Playing with Public (Transportation) Data

As promised a while back after we got our fill playing with the data I would release it to the public to see if you could come up with something interesting. I’d leaked the JSON file to Kars and he applied his skills in visualizing things in processing1 to the dataset.

Then after some more back and forth I retrieved a similar dataset from the ANWB site2: the time to travel a similar distance at a similar time but this time by car3.

The juxtaposition of those two datasets made for some interesting results and some nice applications of interactive filtering. Kars has a full writeup of his process.

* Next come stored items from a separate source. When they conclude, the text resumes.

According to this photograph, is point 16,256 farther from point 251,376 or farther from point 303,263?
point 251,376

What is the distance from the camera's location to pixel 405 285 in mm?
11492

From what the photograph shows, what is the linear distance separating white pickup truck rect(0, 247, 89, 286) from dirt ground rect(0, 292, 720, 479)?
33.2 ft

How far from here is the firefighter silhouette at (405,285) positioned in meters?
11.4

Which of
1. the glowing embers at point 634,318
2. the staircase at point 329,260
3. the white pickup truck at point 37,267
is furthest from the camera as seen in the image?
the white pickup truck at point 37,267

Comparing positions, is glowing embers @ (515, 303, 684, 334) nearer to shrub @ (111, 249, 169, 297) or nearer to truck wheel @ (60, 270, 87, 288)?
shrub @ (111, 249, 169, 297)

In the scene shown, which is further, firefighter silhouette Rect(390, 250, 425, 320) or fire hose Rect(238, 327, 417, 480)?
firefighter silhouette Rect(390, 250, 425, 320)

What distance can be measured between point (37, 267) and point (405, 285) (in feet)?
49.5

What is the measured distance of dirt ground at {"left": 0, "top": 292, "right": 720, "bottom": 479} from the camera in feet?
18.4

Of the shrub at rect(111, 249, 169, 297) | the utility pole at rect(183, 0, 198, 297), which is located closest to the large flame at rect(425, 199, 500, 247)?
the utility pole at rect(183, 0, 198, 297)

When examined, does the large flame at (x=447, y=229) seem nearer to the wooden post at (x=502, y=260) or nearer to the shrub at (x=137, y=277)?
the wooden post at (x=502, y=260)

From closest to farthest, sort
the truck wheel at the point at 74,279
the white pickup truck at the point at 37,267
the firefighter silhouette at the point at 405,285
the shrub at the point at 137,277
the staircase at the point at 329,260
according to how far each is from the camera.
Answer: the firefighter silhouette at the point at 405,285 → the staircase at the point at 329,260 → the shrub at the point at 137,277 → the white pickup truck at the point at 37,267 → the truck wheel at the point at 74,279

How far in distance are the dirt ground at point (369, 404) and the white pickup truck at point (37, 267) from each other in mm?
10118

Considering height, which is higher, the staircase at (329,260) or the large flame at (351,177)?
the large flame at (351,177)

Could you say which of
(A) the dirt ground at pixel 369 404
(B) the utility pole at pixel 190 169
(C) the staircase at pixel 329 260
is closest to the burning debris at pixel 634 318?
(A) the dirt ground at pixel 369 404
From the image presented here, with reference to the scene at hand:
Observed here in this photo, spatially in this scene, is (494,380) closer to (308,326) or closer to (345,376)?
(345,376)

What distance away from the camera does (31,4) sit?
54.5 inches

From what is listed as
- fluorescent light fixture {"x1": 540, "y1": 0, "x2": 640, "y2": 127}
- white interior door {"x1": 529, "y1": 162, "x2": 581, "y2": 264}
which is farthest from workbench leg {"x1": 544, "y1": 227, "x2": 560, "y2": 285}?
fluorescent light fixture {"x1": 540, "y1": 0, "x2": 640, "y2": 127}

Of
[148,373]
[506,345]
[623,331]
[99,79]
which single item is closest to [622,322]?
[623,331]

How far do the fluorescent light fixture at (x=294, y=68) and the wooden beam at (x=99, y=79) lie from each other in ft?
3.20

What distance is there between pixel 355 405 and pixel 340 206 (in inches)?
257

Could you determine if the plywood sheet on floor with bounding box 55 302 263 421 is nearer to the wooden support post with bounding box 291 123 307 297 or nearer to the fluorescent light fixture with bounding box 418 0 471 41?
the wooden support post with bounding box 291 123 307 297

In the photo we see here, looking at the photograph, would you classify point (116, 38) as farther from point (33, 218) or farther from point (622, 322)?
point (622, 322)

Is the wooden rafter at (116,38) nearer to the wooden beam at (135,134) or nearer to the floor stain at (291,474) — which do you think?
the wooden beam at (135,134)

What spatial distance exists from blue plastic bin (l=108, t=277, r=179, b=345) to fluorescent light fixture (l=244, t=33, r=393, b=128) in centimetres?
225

So without further ado, here is the dataset under a Creative Commons Attribution license. It’s a JSON file: Traveltimes with as keys a four digit string for the postal code. The value is a dictionary with this key-value mapping:

lat
Latitude GPS coordinate
lng
Longitude GPS coordinate
place
Inferred name of the location
time
The time it takes using public transportation
carTime
The time it takes by car (a small amount of null values where the time could not be retrieved)

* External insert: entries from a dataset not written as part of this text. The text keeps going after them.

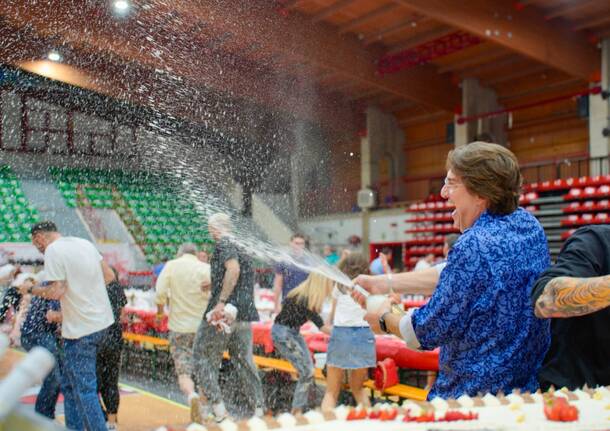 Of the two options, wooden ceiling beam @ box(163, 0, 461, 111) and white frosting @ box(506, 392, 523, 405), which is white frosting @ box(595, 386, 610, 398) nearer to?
white frosting @ box(506, 392, 523, 405)

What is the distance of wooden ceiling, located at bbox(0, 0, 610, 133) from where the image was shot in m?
11.8

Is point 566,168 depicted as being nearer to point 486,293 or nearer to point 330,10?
point 330,10

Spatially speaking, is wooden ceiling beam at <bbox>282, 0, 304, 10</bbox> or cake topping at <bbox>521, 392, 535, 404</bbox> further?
wooden ceiling beam at <bbox>282, 0, 304, 10</bbox>

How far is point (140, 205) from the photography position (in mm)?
19062

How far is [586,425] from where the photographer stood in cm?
155

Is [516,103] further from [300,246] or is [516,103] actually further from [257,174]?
[300,246]

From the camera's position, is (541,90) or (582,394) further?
(541,90)

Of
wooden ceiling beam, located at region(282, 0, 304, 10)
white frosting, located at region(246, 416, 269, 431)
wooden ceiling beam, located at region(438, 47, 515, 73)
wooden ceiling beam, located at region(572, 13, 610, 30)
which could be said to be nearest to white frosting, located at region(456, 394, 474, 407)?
white frosting, located at region(246, 416, 269, 431)

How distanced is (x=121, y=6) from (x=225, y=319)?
1115 cm

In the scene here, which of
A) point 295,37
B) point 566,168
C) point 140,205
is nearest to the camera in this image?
point 295,37

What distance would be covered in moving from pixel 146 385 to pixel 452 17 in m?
7.27

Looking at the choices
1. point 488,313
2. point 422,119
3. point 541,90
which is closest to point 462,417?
point 488,313

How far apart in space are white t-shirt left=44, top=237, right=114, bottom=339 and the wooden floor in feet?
4.20

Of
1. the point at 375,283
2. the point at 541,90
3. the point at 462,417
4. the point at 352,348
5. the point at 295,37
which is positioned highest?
the point at 295,37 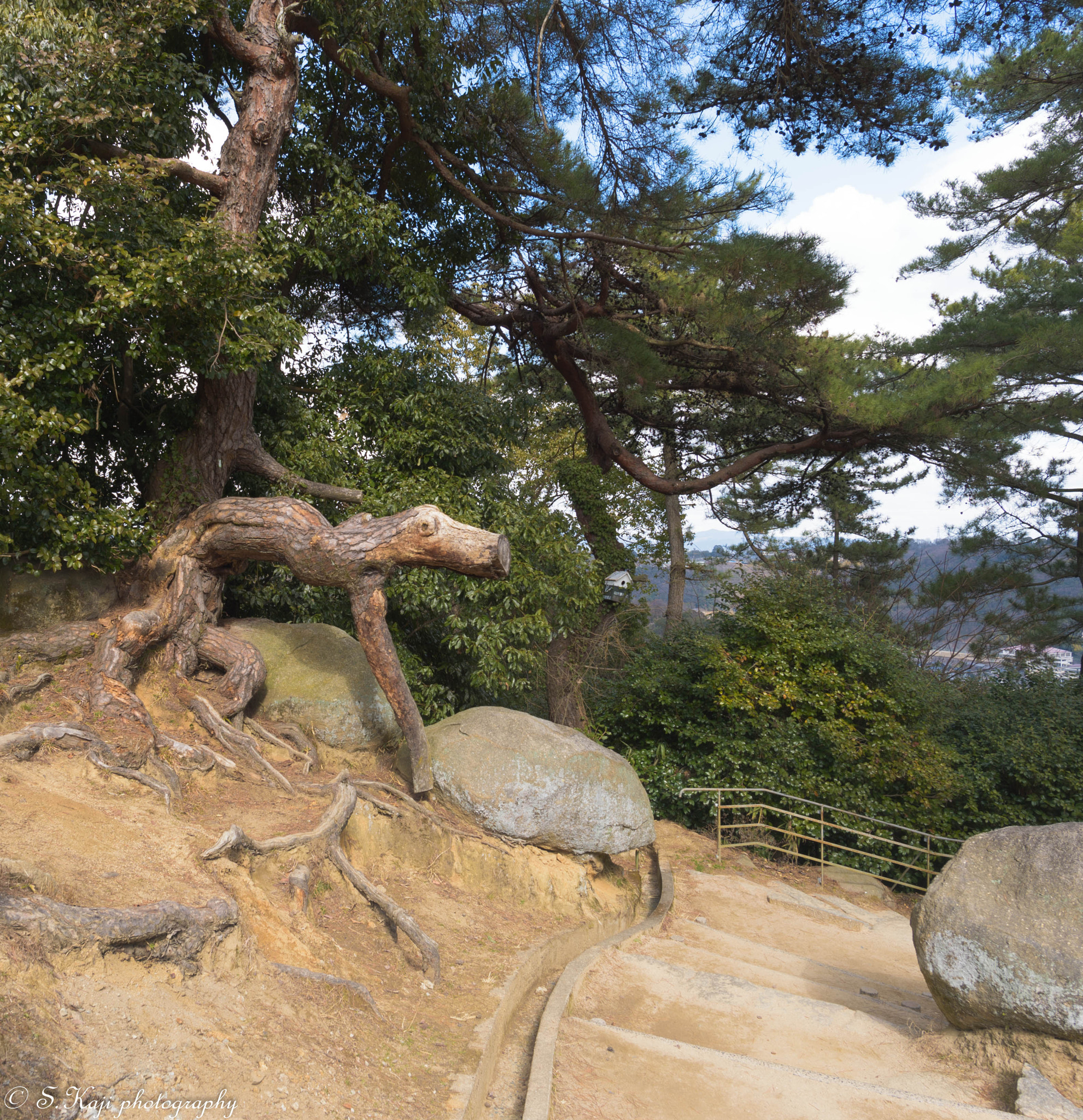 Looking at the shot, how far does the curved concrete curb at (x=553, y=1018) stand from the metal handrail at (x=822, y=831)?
2625mm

All times are from the center of the 4 digit postal code as well as can be determined to Dam Square in Amsterdam around noon on a given day.

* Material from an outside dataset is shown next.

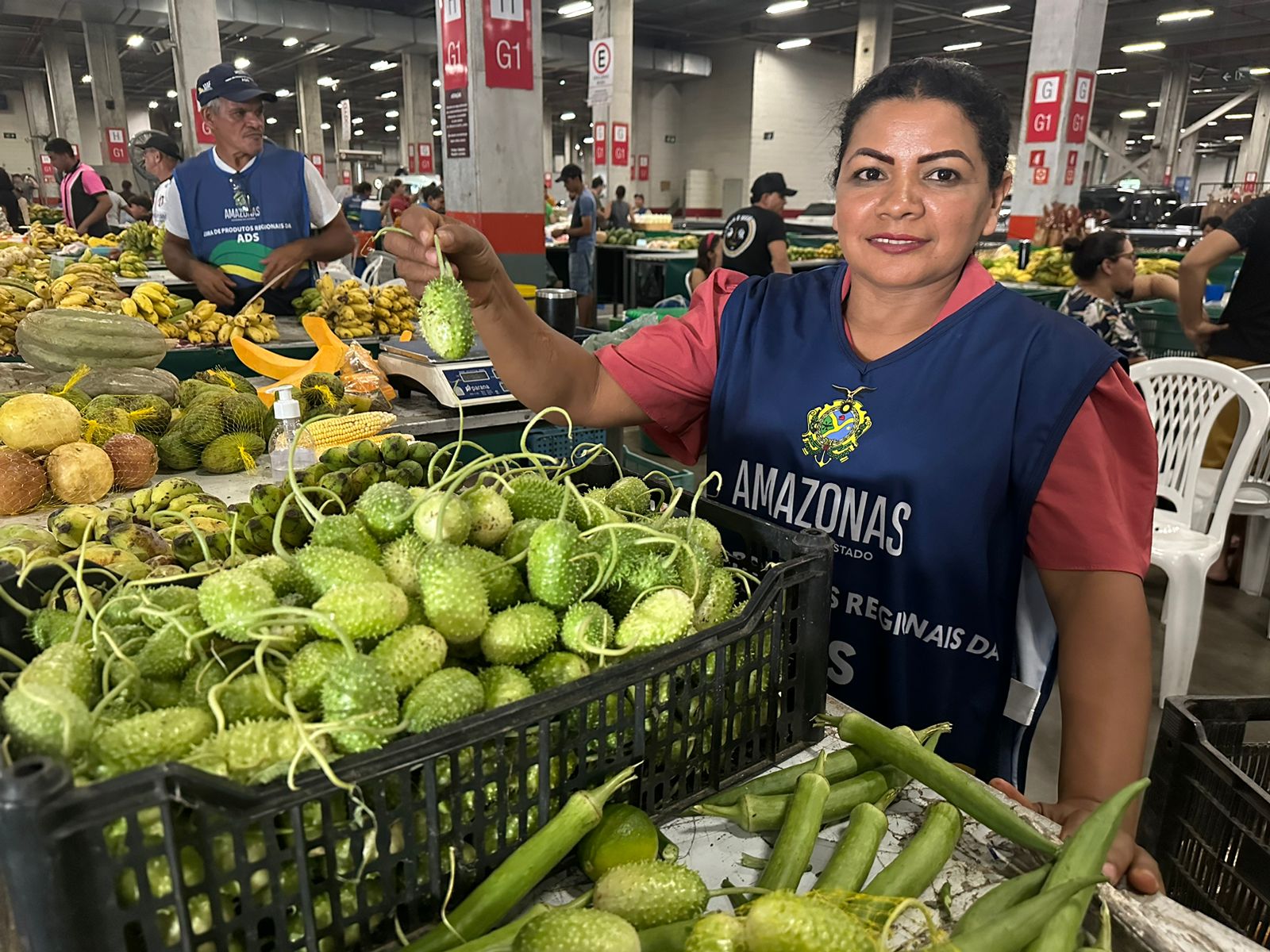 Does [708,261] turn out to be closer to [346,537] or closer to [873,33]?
[346,537]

I find it interesting (and somewhat appalling) to see how large the difference is between taking the car or going by public transportation. Doing a sampling for 08:00 on Monday morning during rush hour might somewhat equalize this, but I think it’s safe to say that car owners will remain at an advantage.

So next up is e-mailing GroenLinks and Rover to see if they can use this data or these visualizations.

  1. With some help from Ben Fry.
  2. These site operators are so friendly and accomodating.
  3. With historical traffic congestion information added, but because the sampled time was around noon the effect should be negligible.